Work to complete:
An exact retyping of all lines below is the answer; pictures do not belong in it.

Data items:
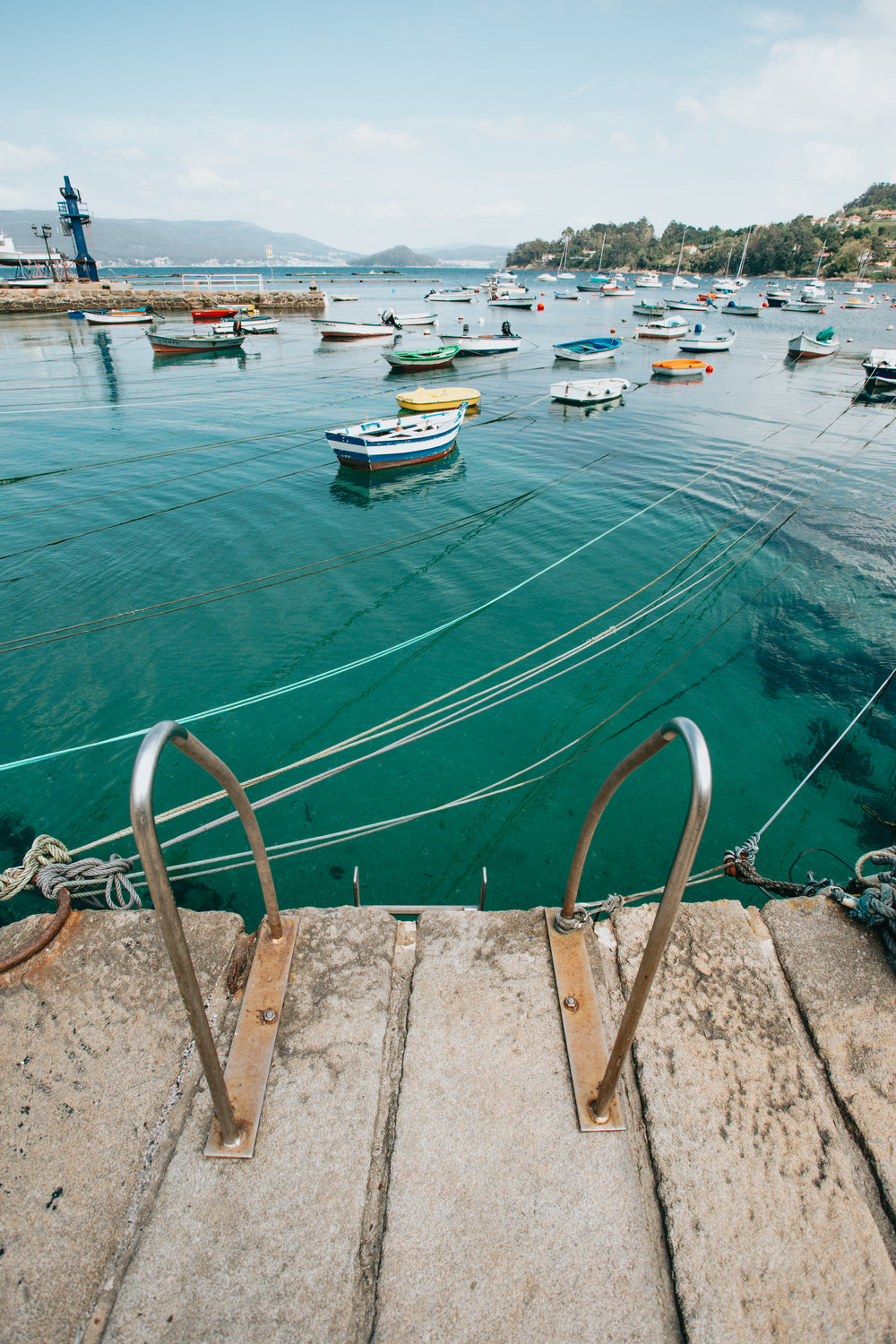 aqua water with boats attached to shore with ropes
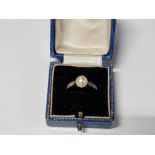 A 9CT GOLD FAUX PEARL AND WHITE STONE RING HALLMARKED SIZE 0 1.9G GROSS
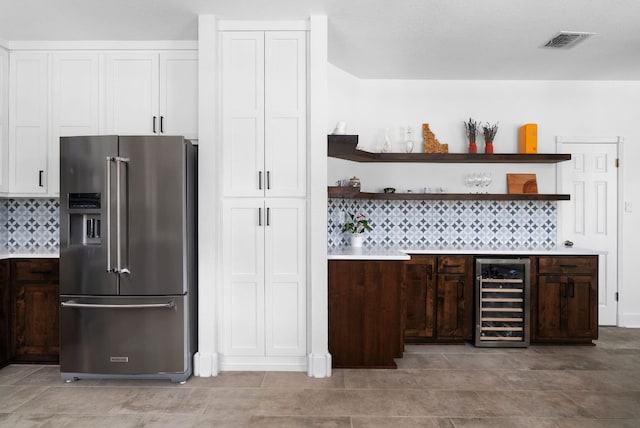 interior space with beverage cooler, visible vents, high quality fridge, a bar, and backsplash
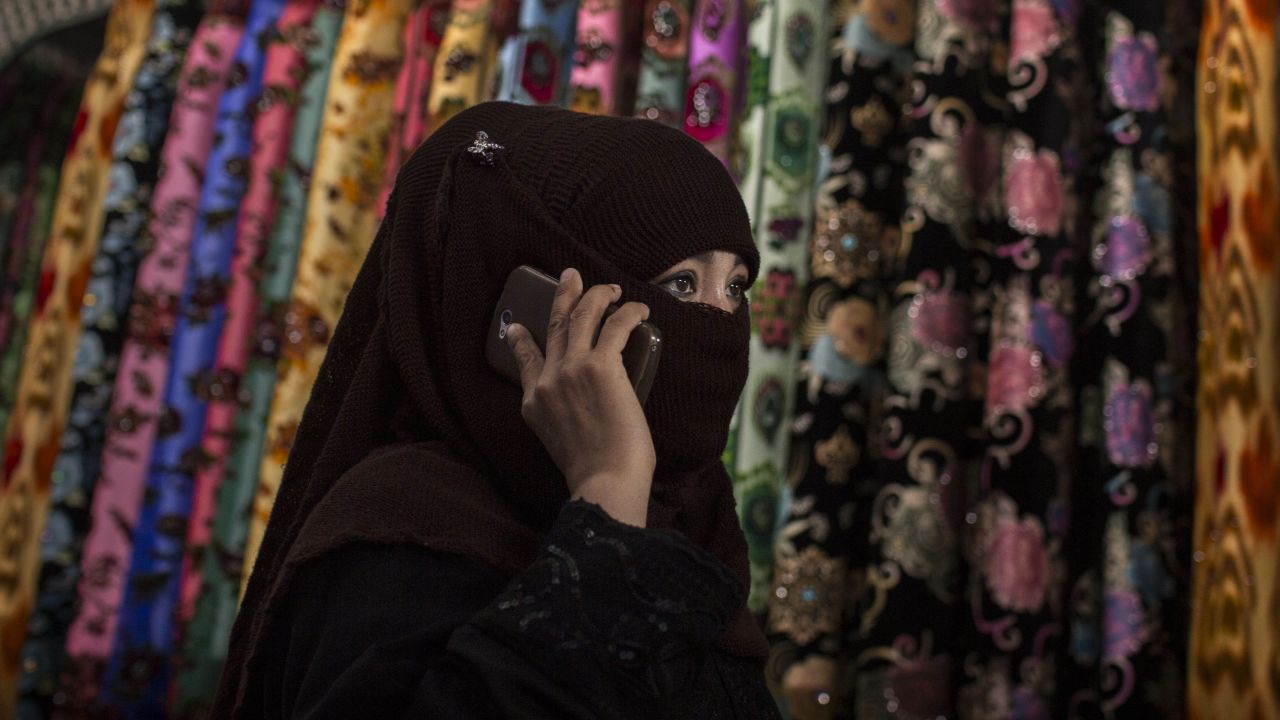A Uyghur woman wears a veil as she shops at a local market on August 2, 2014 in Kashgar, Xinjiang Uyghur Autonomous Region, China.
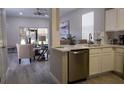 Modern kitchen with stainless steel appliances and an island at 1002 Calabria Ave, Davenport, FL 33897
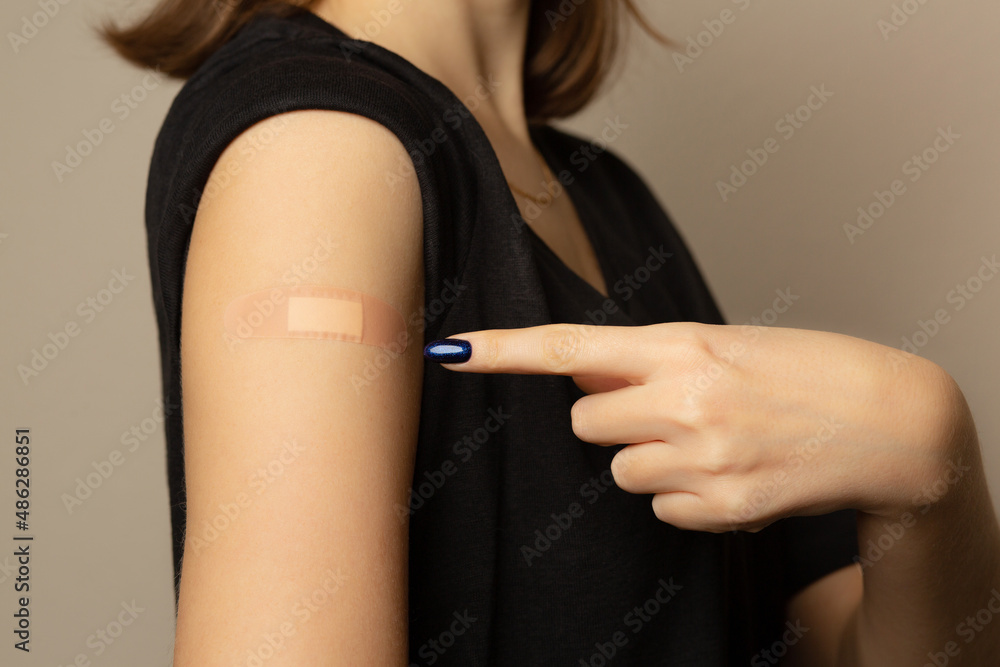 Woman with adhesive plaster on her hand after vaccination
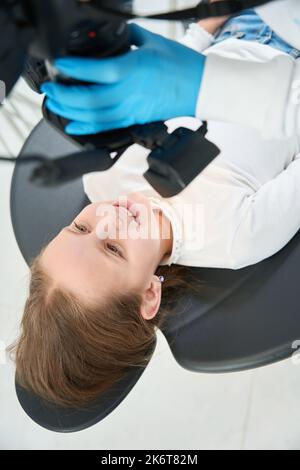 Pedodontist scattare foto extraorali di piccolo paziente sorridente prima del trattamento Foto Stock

Exercise result:
 aqua water with boats attached to shore with ropes
 A 9CT GOLD FAUX PEARL AND WHITE STONE RING HALLMARKED SIZE 0 1.9G GROSS
 interior space with beverage cooler, visible vents, high quality fridge, a bar, and backsplash
A Uyghur woman wears a veil as she shops at a local market on August 2, 2014 in Kashgar, Xinjiang Uyghur Autonomous Region, China.
 Modern kitchen with stainless steel appliances and an island at 1002 Calabria Ave, Davenport, FL 33897
 Woman with adhesive plaster on her hand after vaccination
 Pedodontist scattare foto extraorali di piccolo paziente sorridente prima del trattamento Foto Stock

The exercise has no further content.